Pas d'originalité pour une photographie prise sur le vif

La question de l'originalité des oeuvres photographiques et, partant, de leur caractère protégeable ou non par le droit d'auteur, est assez sensible. Nombre de photographes revendiquent des droits de propriété intellectuelle sur des clichés dont ils sont les auteurs et tentent de s'opposer à la reproduction des images par des tiers sans leur autorisation.

Cependant, tous les clichés ne sont pas nécessairement protégeables par le droit d'auteur et la jurisprudence se révèle même de plus en plus stricte au fil des ans.

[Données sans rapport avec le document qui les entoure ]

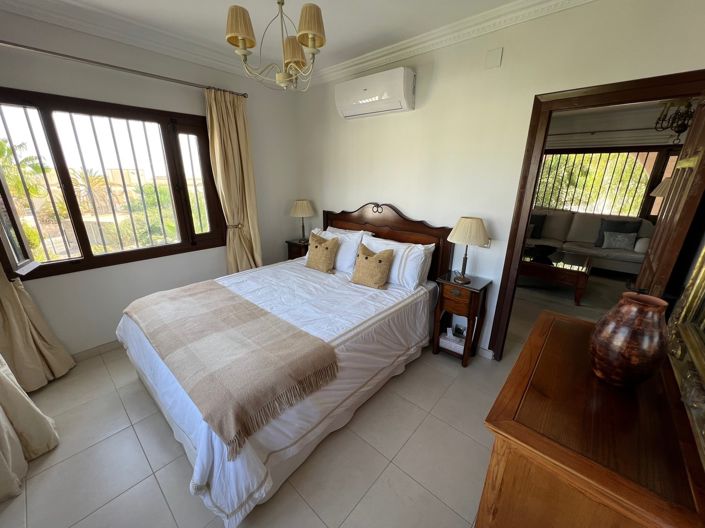 Image No.23-3 Bed Villa for sale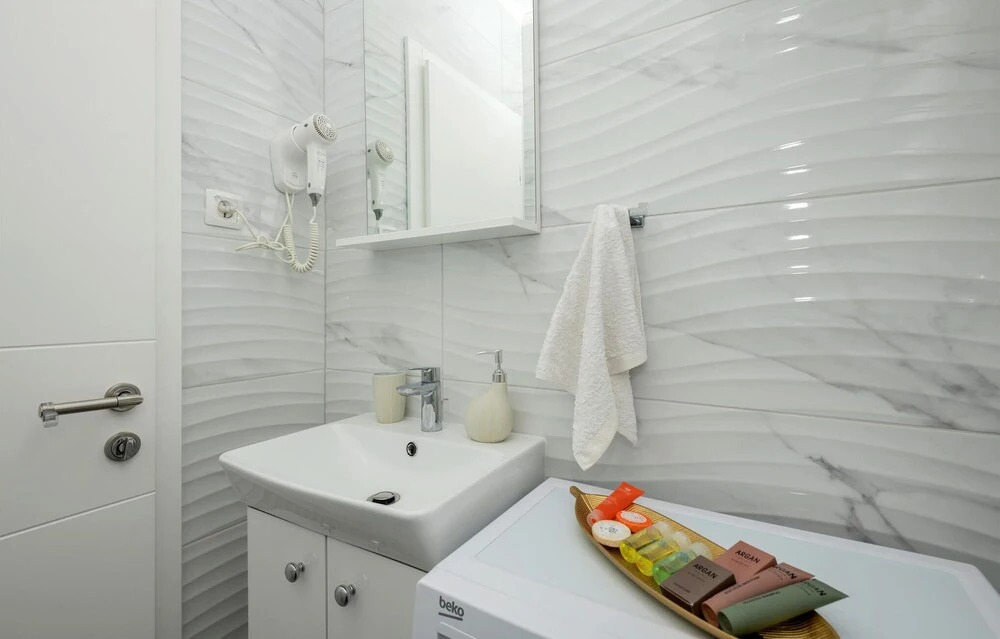 Amazing Apartment in Makarska With 2 Bedrooms and Wifi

Il est vrai que la photographie est désormais accessible à quiconque - il suffit d'un smartphone pour s'improviser photographe - et qu'il n'est pas possible d'élever au rang d'oeuvres protégées n'importe quel cliché, en l'absence d'effort créatif.

C'est ainsi que, depuis longtemps déjà, le photographe qui se contente d'appuyer sur le bouton "au bon moment", sans prise ni contrôle sur la scène qu'il est en train d'immortaliser, se voit généralement débouté de ses prétentions, en l'absence de droits de propriété intellectuelle sur le cliché.

D'aucuns n'acceptent pas cette solution et n'hésitent pas, malgré tout, à engager des procès, qui se terminent souvent de la même manière, comme en témoigne cet arrêt de la Cour d'appel de Paris du 4 février 2020, concernant une photographie prise lors de la visite d'installations sportives à Croissy sur Seine.

Le cliché ayant été reproduit dans le journal Le Parisien sans l'autorisation du seul photographe présent lors de cette rencontre, ce dernier s'en était plaint et, face à l'inertie du journal, avait porté le différend devant les tribunaux.

La motivation ne présente guère de surprise, mais intéressera celles et ceux qui sont confrontés à ce type de revendication :

"la photographie litigieuse [qui] représente trois personnes prises sur le vif au cours d'une conversation, sans que le photographe n'ait pu imposer ses choix tant sur leur emplacement, leur pose et le moment auquel a été prise cette scène", en l'absence de "cadrage particulier, [...] prise sur le vif sans que les protagonistes ne prennent une quelconque pose, ce que révèle notamment le fait qu'une personne dont un bras et des cheveux sont visibles est masquée par l'entraîneur, et que le blouson d'une autre personne est partiellement visible en bas à gauche de la photographie", n'est pas protégeable par le droit d'auteur.

La décision relève au surplus que la seule modification de la luminosité ne suffit pas non plus à caractériser l'originalité et l'auteur, "qui n'a fait que saisir l'instant", ne peut pas valablement revendiquer la protection par le droit d'auteur.

On relèvera également que la société éditrice du Parisien échappe à toute condamnation pour faute dès lors que l'auteur du cliché n'a pas démontré qu'il avait entendu limiter la diffusion de ses photographies, envoyées au maire de la commune, lequel les a ensuite transmises au journal :

"la société LE PARISIEN LIBERE, qui a manifestement reçu ces clichés du maire de la commune et a publié la photographie en cause dans les jours suivants, ne pouvait savoir que monsieur F., qui avait pris l'initiative de les transmettre volontairement, comptait s'en réserver l'utilisation ou s'opposait à leur publication".

Enfin, la Cour d'appel refuse également d'entrer en voie de condamnation sur le fondement de l'atteinte au droit à l'image, au motif que l'une des personnes visibles sur la photographie avait participé à un événement public et que le cliché illustrait un article répondant à l'information du public.